Deferred (explicitly noted as TODO)

Stream D — Retire legacy OtOpcUa.Host

Not executable until Stream E parity passes. Deleting the legacy project now would break the 494 v1 IntegrationTests that are the parity baseline. Recovery requires:

  1. Host MXAccess code lift (Task B.1 "move Galaxy code") from OtOpcUa.Host/ into OtOpcUa.Driver.Galaxy.Host/ — STA pump wiring, MxAccessHandle backing the real LMXProxyServer, GalaxyRepository and its SQL queries, GalaxyRuntimeProbeManager, Historian loader, the Ipc stub handler replaced with a real IFrameHandler that invokes the handle.
  2. Address-space build via IAddressSpaceBuilder produces byte-equivalent OPC UA browse output to v1 (Task C.4).
  3. Windows service installer registers two services (OtOpcUa + OtOpcUaGalaxyHost) with the correct service-account SIDs and per-process secret provisioning. Galaxy.Host starts before OtOpcUa.
  4. appsettings.json Galaxy config (MxAccess / Galaxy / Historian sections) migrated into DriverInstance.DriverConfig JSON in the Configuration DB via an idempotent migration script.

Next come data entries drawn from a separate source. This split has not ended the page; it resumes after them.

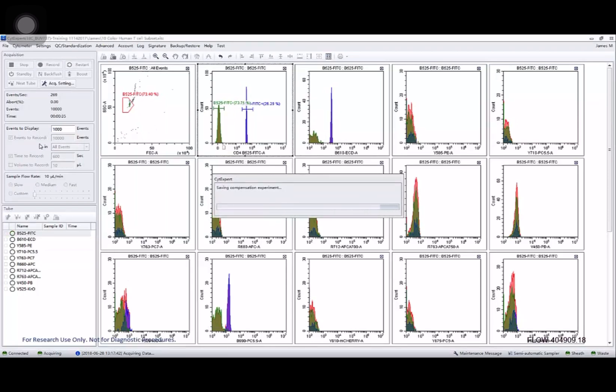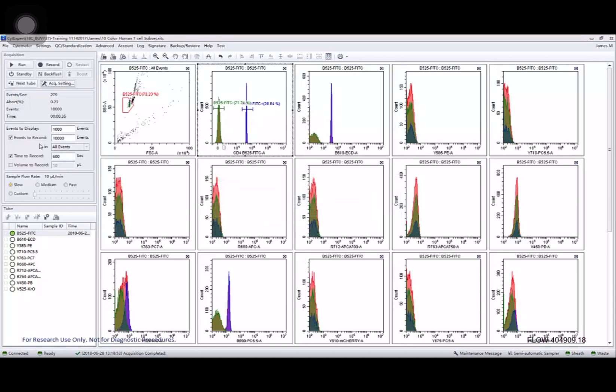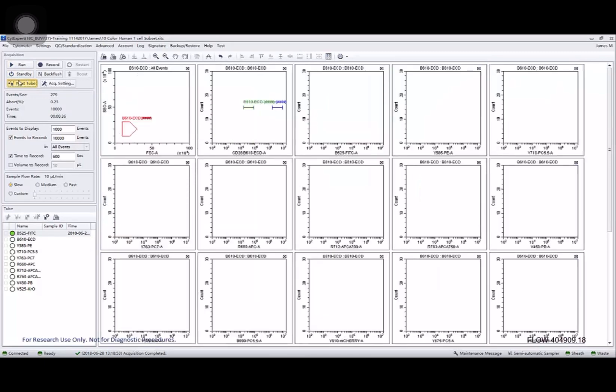After it's finished recording that is saved as part of the compensation experiment. And then I'll just move on to the next sample.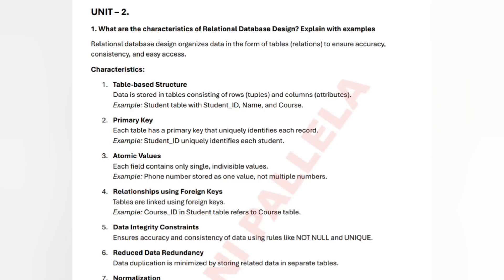Welcome to our channel. In this video, we are going to discuss unit number two — the complete explanation of the subject Database Management Systems. In previous videos, we have already completed unit number one, and the notes PDF is available in our Telegram group for free. All the links are mentioned in the description box. From unit number two, the first important question is about the characteristics of relational database design.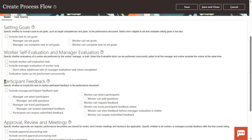And then if there are any participants involved in this performance cycle — like peers, meaning colleagues, or a previous manager, or some other internal customers — these people can also be involved in this performance document. They can participate, give comments, give ratings, and provide feedback. The manager or worker will be able to track and find all those details.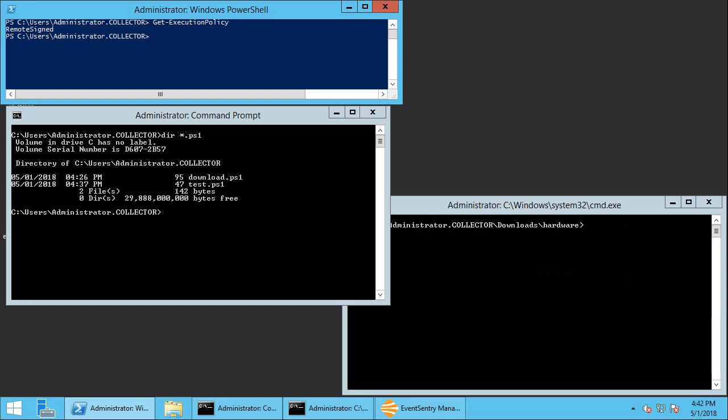Today I'm going to show you how you can terminate potentially malicious PowerShell scripts with EventSentry. Now why would we want to terminate PowerShell scripts? A lot of system administrators use PowerShell for various tasks and PowerShell is great and it's got a lot of functionality, but it's unfortunately also increasingly used by attackers.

Post-migration, the local appsettings.json keeps only Cluster.NodeId, ClusterId, and the DB conn string per decision #18.

Stream E — Parity validation

Requires live MXAccess + Galaxy runtime and the above lift complete. Work items:

  • Run v1 IntegrationTests against the v2 Galaxy.Proxy + Galaxy.Host topology. Pass count = v1 baseline; failures = 0. Per-test duration regression report flags any test >2× baseline.
  • Scripted Client.CLI walkthrough recorded at Phase 2 entry gate against v1, replayed against v2; diff must show only timestamp/latency differences.
  • Regression tests for the four 2026-04-13 stability findings (phantom probe, cross-host quality clear, sync-over-async guard, fire-and-forget alarm drain).
  • /codex:adversarial-review --base v2 on the merged Phase 2 diff — findings closed or deferred with rationale.

Also deferred from Stream B

  • Task B.10 FaultShim (test-only ArchestrA.MxAccess substitute for fault injection). Needs the production ArchestrA.MxAccess reference in place first; flagged as part of the plan's "mid-gate review" fallback (Risk row 7).
  • Task B.8 WM_QUIT hard-exit escalation — wired in when the real Win32 pump replaces the BlockingCollection dispatcher. The StaPump.IsResponsiveAsync probe already exists; the supervisor escalation-to-Environment.Exit(2) belongs to the Program main loop after the pump integration.

Cross-session impact on the build

  • Full solution: 926 tests pass, 1 fails (pre-existing Phase 0 baseline Client.CLI.Tests.SubscribeCommandTests.Execute_PrintsSubscriptionMessage — not a Phase 2 regression; was red before Phase 1 and stays red through Phase 2).
  • New projects added to .slnx: Driver.Galaxy.Shared, Driver.Galaxy.Host, Driver.Galaxy.Proxy, plus the three matching test projects.
  • No existing tests broke. The 494 v1 OtOpcUa.Tests (net48) and 6 IntegrationTests (net48) still pass because the legacy OtOpcUa.Host is untouched.

Next-session checklist for Stream D + E

  1. Verify the local AVEVA stack is still green (Get-Service aaGR, aaBootstrap, slssvc → Running) and the Galaxy ZB repository is reachable from sqlcmd -S localhost -d ZB -E. The runtime is already on this machine — no install step needed.
  2. Capture Client.CLI walkthrough baseline against v1 (the parity reference).
  3. Move Galaxy-specific files from OtOpcUa.Host into Driver.Galaxy.Host, renaming namespaces. Replace StubFrameHandler with the real one.
  4. Wire up the real Win32 pump inside StaPump (lift from scadalink-design's LmxProxy.Host reference per CLAUDE.md).
  5. Run v1 IntegrationTests against the v2 topology — iterate on parity defects until green.
  6. Run Client.CLI walkthrough and diff.
  7. Regression tests for the four 2026-04-13 stability findings.
  8. Delete legacy OtOpcUa.Host; update .slnx; update installer scripts.
  9. Optional but valuable now that the runtime is local: AppServer-via-OI-Gateway smoke test (decision #142 / Phase 1 Task E.10) — the OI-Gateway install at C:\Program Files (x86)\Wonderware\OI-Server\OI-Gateway\ is in place; the test was deferred for "needs live AVEVA runtime" reasons that no longer apply on this dev box.
  10. Adversarial review; exit-gate-phase-2.md recorded; PR merged.